Here's the problem. Here we have from the Census Bureau the record of nonmarital births for whites, and for Hispanics, which we haven't been collecting data that long, and for blacks, and we now have reached the point where one out of every three American children is born outside marriage. Almost 70 percent of black children are born outside marriage and about 45 percent of Hispanic children.
Fortunately, as you can see, this has leveled off, in each case, in about 1994, '95, '96, right in that area. It's declined some years, gone up a little bit, but there's clearly a break in all of these data series. So we at least have mitigated the increase, but we haven't really turned it around and made it go down yet.
And then the second thing, of course, is that we have monstrous declines in marriage rates, both among whites, but even more among blacks. So we have very, very low rates of marriage, very high rates of births outside marriage and, as a result of that, well over half of America's children spend some time in a single-parent family during their childhood and perhaps 85 percent of black children spend some time during their childhood in a single-parent family. So what difference does that make?

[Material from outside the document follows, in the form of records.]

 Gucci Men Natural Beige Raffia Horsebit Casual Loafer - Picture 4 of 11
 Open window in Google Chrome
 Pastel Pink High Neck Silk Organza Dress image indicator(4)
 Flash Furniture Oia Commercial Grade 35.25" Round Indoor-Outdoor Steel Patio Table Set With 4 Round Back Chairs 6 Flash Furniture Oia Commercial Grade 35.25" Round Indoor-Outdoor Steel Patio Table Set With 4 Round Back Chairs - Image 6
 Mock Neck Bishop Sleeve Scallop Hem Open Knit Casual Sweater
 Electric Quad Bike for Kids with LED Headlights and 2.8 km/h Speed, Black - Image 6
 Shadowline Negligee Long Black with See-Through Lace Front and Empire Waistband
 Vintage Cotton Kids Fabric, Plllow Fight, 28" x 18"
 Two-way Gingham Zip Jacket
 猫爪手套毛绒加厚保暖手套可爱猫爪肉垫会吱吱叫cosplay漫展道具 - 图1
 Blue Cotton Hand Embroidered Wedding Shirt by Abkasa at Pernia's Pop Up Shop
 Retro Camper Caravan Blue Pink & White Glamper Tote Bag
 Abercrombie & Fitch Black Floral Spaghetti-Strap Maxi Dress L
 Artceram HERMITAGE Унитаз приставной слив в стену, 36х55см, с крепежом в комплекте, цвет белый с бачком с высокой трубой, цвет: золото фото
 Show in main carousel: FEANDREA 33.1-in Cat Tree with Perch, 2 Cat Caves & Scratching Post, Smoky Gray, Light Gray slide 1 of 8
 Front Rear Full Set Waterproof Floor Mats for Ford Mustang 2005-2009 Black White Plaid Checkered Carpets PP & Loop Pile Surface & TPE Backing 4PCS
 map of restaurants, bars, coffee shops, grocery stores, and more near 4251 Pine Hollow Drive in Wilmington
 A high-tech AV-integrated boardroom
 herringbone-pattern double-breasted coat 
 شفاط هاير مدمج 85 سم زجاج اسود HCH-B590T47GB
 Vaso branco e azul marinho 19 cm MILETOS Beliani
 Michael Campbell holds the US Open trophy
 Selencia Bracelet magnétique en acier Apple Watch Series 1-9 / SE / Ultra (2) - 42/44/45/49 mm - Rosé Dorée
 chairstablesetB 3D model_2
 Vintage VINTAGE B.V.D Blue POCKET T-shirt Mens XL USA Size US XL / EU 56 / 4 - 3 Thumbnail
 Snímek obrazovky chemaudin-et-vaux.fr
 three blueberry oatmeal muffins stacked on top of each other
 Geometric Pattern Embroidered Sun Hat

Well, the first thing is that has a huge impact on poverty. Poverty rates are six, in some years, eight times as much among single-parent families as among two-parent families. We also now have a fairly substantial literature that shows that there are definite effects on children's development so that children who are from single-parent families have worse education records, are more likely to be arrested, to commit a delinquent act. The young ladies are more likely to have a child outside marriage and several other effects. So marriage is a protective factor. It promotes children's development.